**Exercise goal**
From the records below, copy out exactly the lines from the one containing "NÃO HÁ NINGUÉM" to the one containing "Eva-Dry E-500 High", both included. Add nothing else.

**The data**

⁂

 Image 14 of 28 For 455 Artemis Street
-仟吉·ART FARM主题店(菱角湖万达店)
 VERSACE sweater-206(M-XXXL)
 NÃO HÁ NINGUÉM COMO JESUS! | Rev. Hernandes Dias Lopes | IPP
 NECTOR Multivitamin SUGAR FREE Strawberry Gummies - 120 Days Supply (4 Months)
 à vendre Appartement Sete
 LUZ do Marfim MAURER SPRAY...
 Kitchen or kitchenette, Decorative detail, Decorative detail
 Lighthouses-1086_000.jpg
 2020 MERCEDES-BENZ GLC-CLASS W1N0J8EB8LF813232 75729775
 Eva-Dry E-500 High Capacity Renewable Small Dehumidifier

⁂

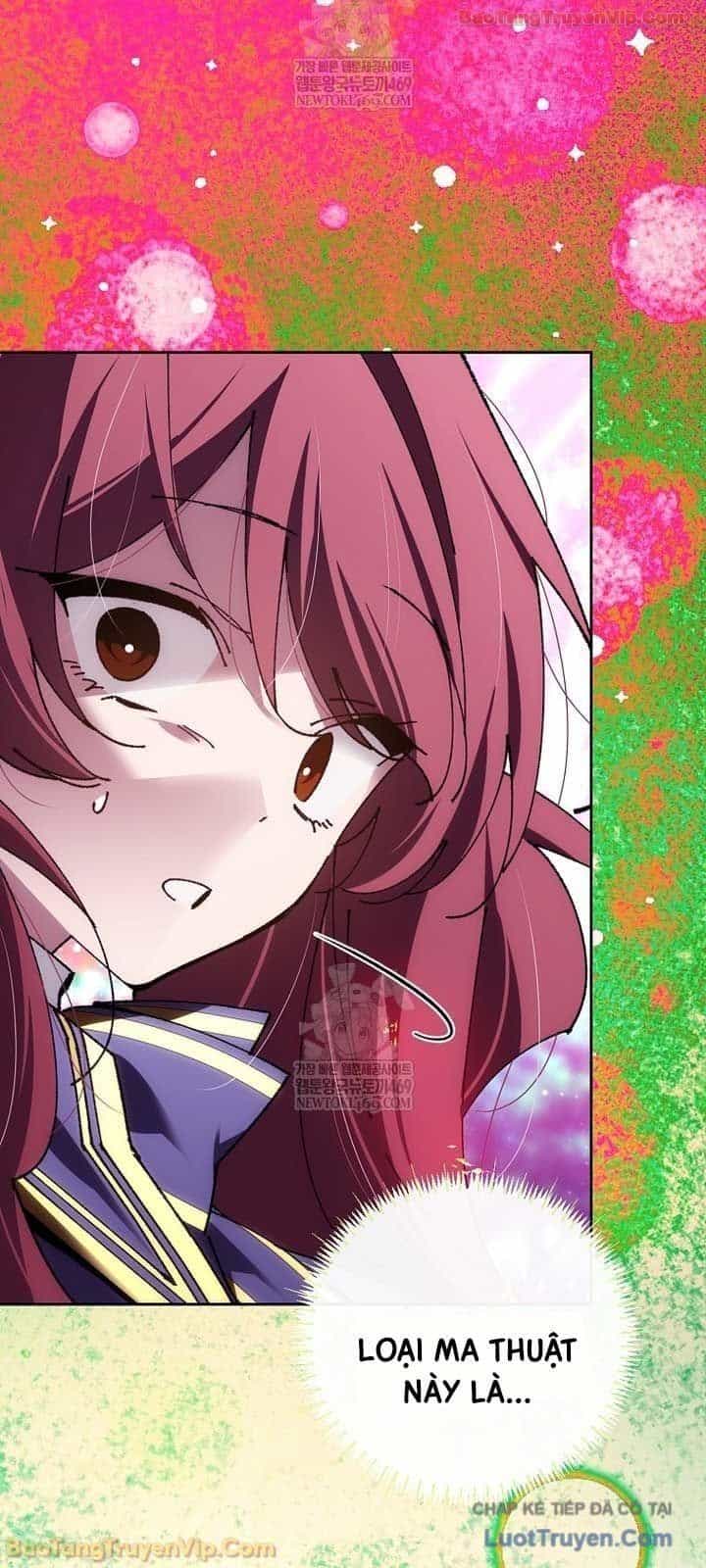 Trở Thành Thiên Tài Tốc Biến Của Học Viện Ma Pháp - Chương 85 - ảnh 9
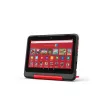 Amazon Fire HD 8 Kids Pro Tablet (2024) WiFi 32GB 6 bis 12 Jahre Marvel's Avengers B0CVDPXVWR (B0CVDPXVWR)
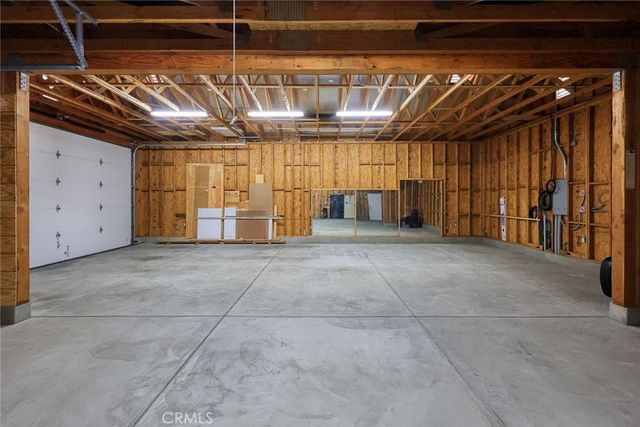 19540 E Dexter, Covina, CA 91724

⁂

**Response box**
 NÃO HÁ NINGUÉM COMO JESUS! | Rev. Hernandes Dias Lopes | IPP
 NECTOR Multivitamin SUGAR FREE Strawberry Gummies - 120 Days Supply (4 Months)
 à vendre Appartement Sete
 LUZ do Marfim MAURER SPRAY...
 Kitchen or kitchenette, Decorative detail, Decorative detail
 Lighthouses-1086_000.jpg
 2020 MERCEDES-BENZ GLC-CLASS W1N0J8EB8LF813232 75729775
 Eva-Dry E-500 High Capacity Renewable Small Dehumidifier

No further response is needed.